Pope aims to reconcile differing beliefs

Pope John Paul II leaves today on his third tour of Africa, aiming to reconcile Christianity with local beliefs on a continent where Islam and animism predominate. He will visit six black African states with substantial numbers of Roman Catholics before rounding off the 12-day trip with a brief stopover in Morocco, which is Muslim. The pontiff is expected to speak out on Africa's grave problems of poverty, famine, and armed conflict.

African Catholics are prone to tinge their beliefs with local traditions, and church sources said the blending of Roman Catholic dogma with African conditions was expected to be the most delicate topic of the visit.

Vatican officials estimate that 16 percent of Africans are now Catholic, compared with 1 percent in 1900. With its aid and evangelical programs, the Vatican expects to raise the number of Catholics in Africa to 100 million by the year 2000 -- 18 percent of the population predicted for Africa by that year.

Catholic missionaries from various religious orders including the Jesuits are actively engaged in educational efforts -- running schools and organizing special courses -- to eradicate illiteracy in black Africa.

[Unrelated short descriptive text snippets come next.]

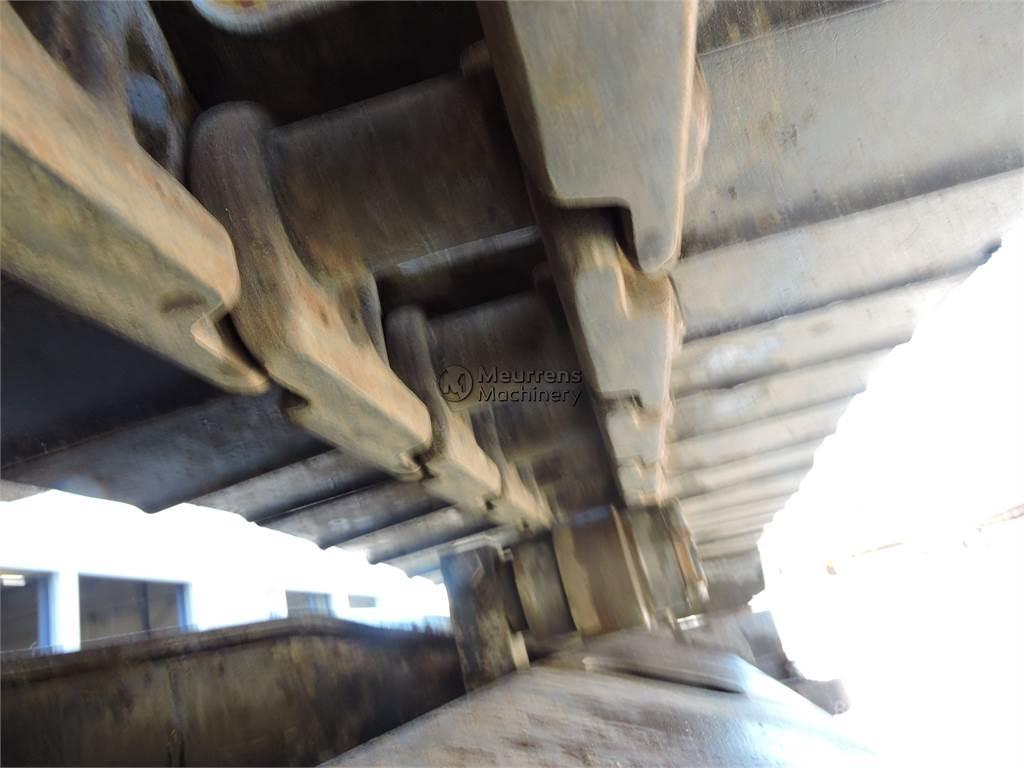 CAT 323D Bandgrävare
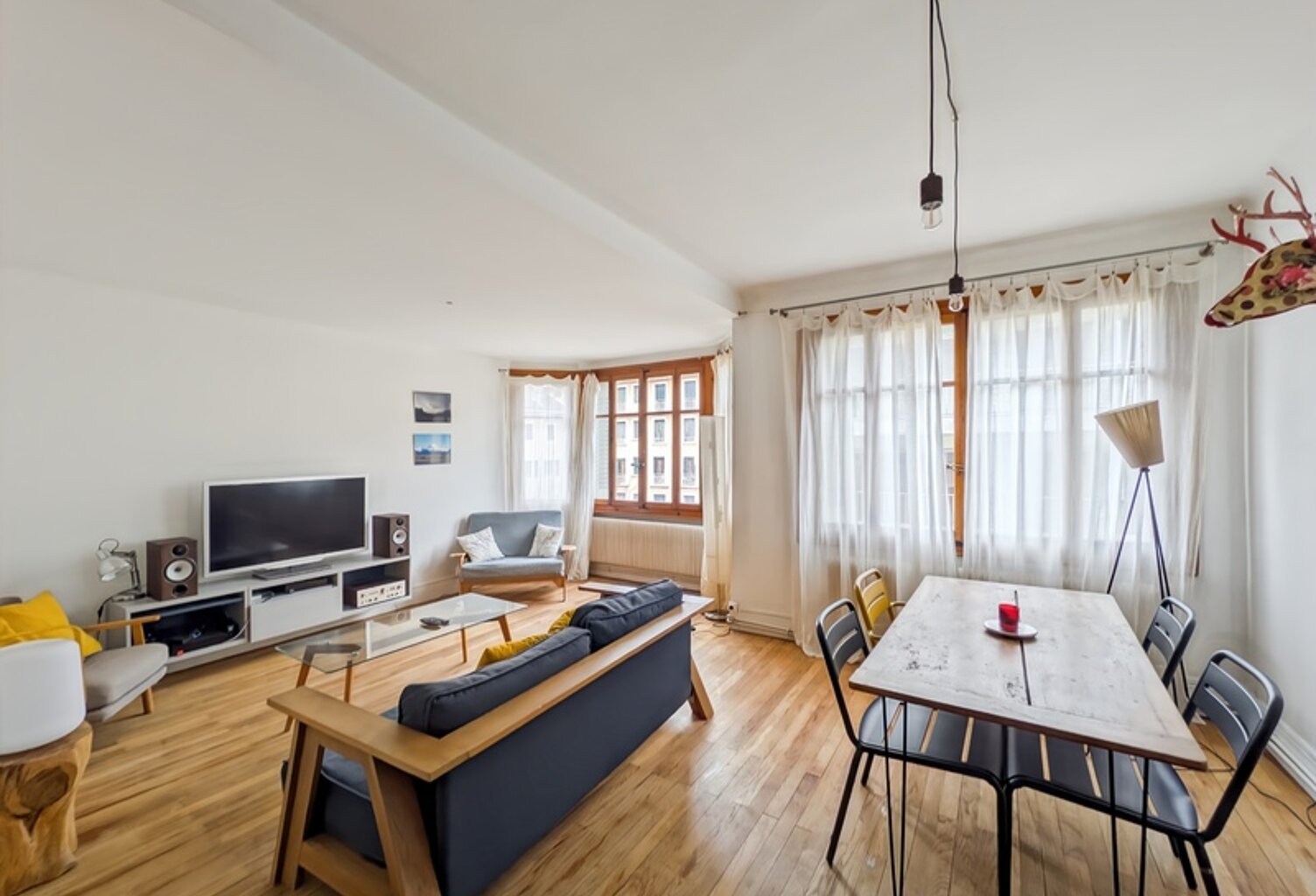 Dpt Haute Savoie (74), à vendre EVIAN-LES-BAINS Appartement T3 de 78 m² au centre ville — photo 1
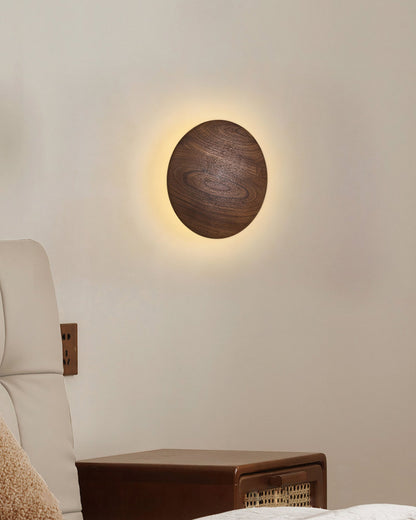 Claudo Wall Lamp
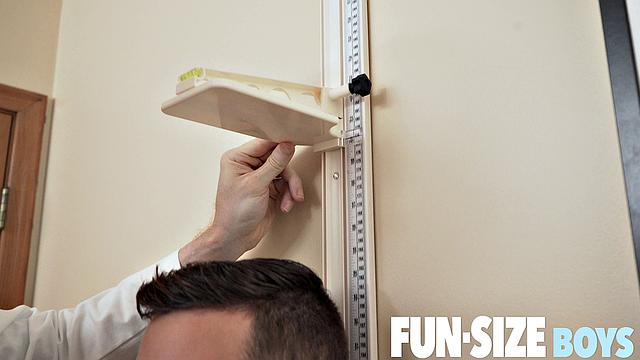 MARK Chapter 1 - Dr. Rolf's Office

No figures are available, but Vatican sources say an increasing number of Africa's ruling class have attended Catholic-run schools. Prime Minister Robert Mugabe of Zimbabwe, a Marxist, was educated in Catholic missionary schools. Leaders of three countries the Pope is visiting -- Ivory Coast, Zaire, and Togo -- are Catholic.

In Kenya, the church is playing a major critic's role, denouncing the nation's campaign of sterilization and artificial birth control. Kenya has the world's highest rate of population growth: 4 percent a year.